● **Instructions for the task**
For this exercise, write out the full listing that follows exactly and skip its pictures.

● **Dataset extract**
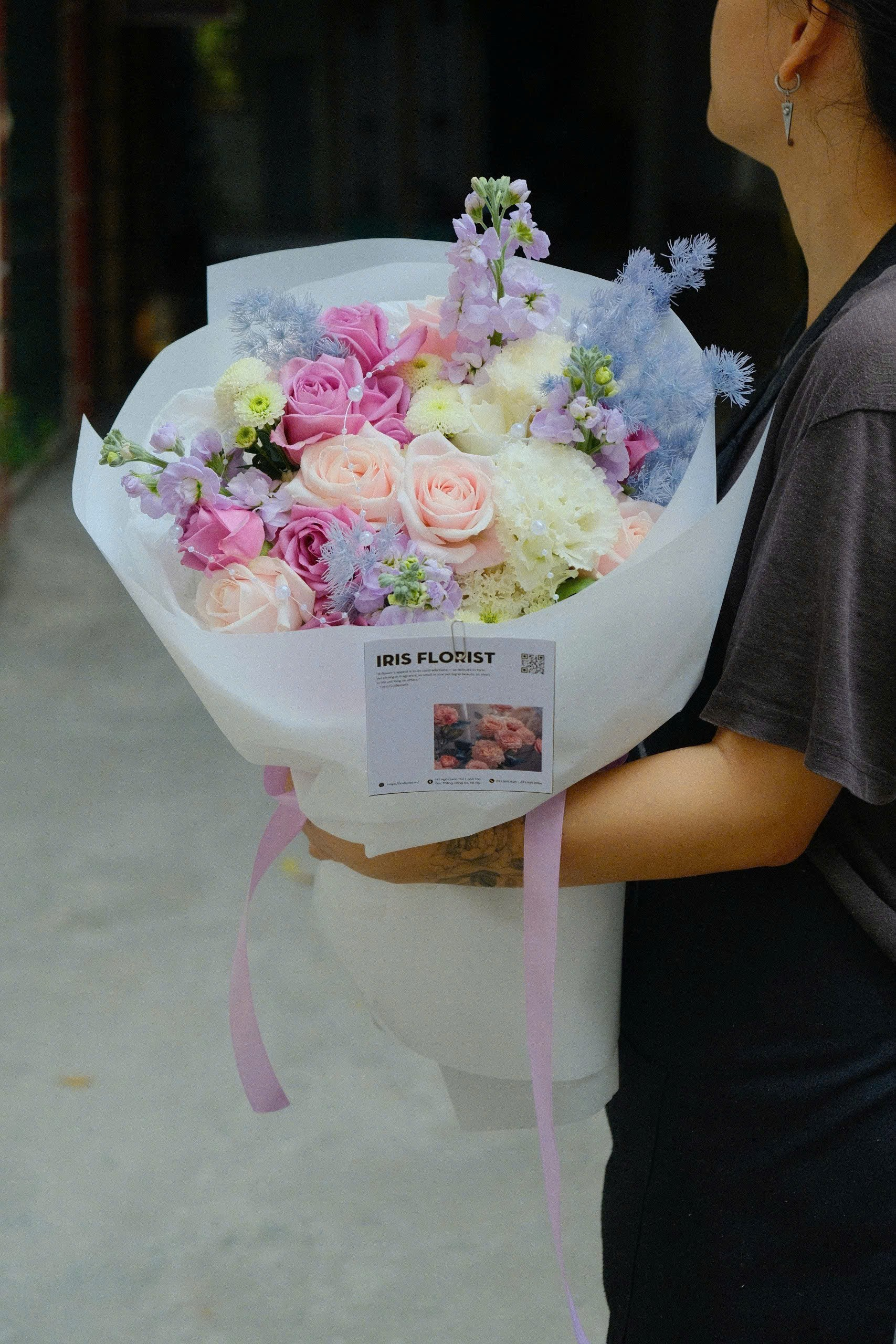 Violet Dreams Bouquet - Bó hoa mix tone hồng tím - size M_thumbnail_1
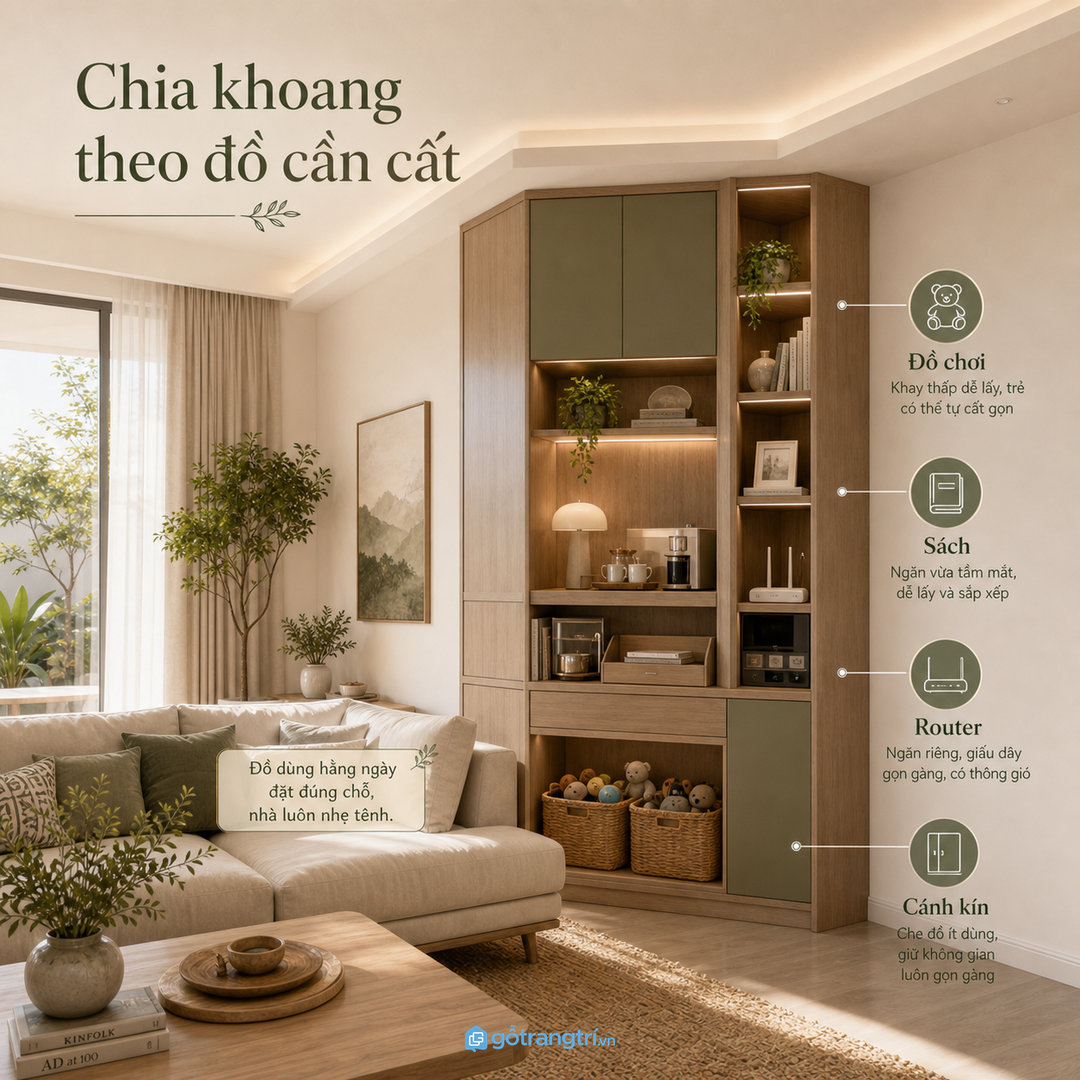 Chia khoang theo đồ cần cất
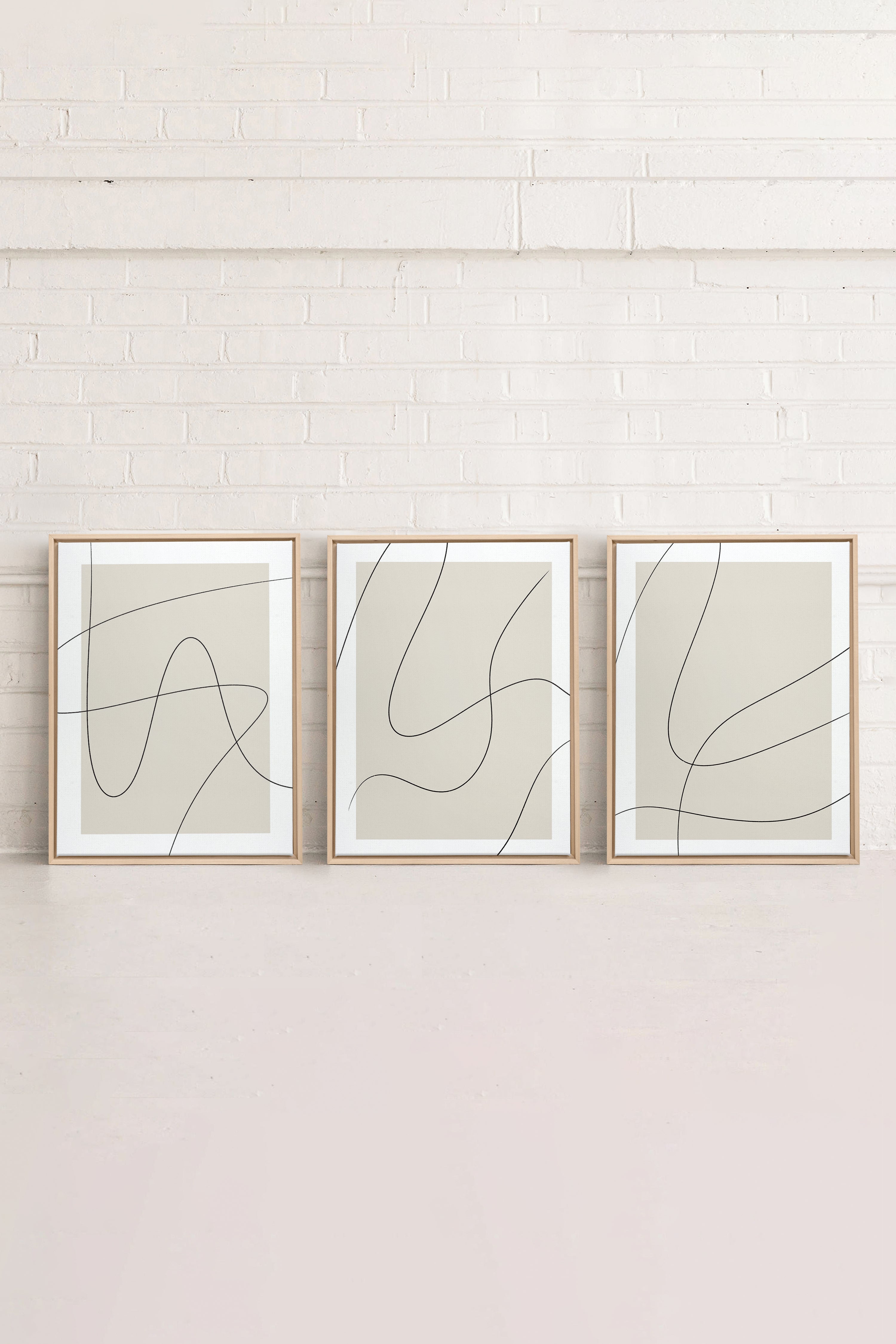 ELEGANT CURVES TRIO Stretched Canvas Artwork x3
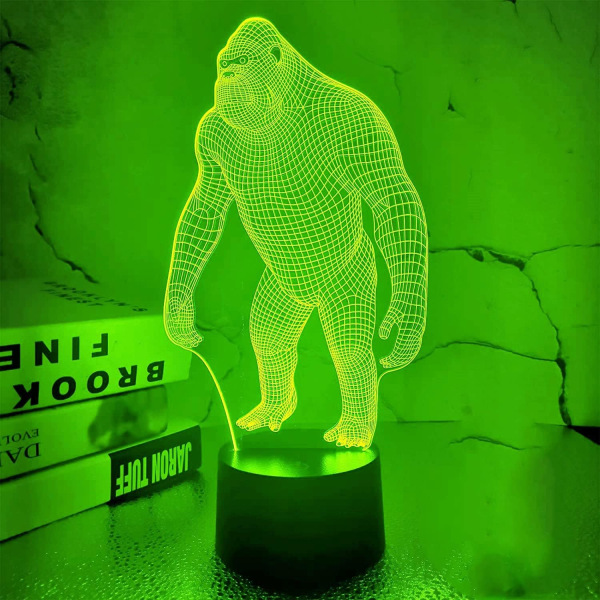 WJ 3D Monkey Gorilla Nattljus Bord Skrivbord Optisk Illusion Lampor 7 färgskiftande lampor LED Bordslampa Xmas Hem Kärlek Födelsedag Dekor Leksak Present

● **Exercise answer**
 Violet Dreams Bouquet - Bó hoa mix tone hồng tím - size M_thumbnail_1
 Chia khoang theo đồ cần cất
 ELEGANT CURVES TRIO Stretched Canvas Artwork x3
 WJ 3D Monkey Gorilla Nattljus Bord Skrivbord Optisk Illusion Lampor 7 färgskiftande lampor LED Bordslampa Xmas Hem Kärlek Födelsedag Dekor Leksak Present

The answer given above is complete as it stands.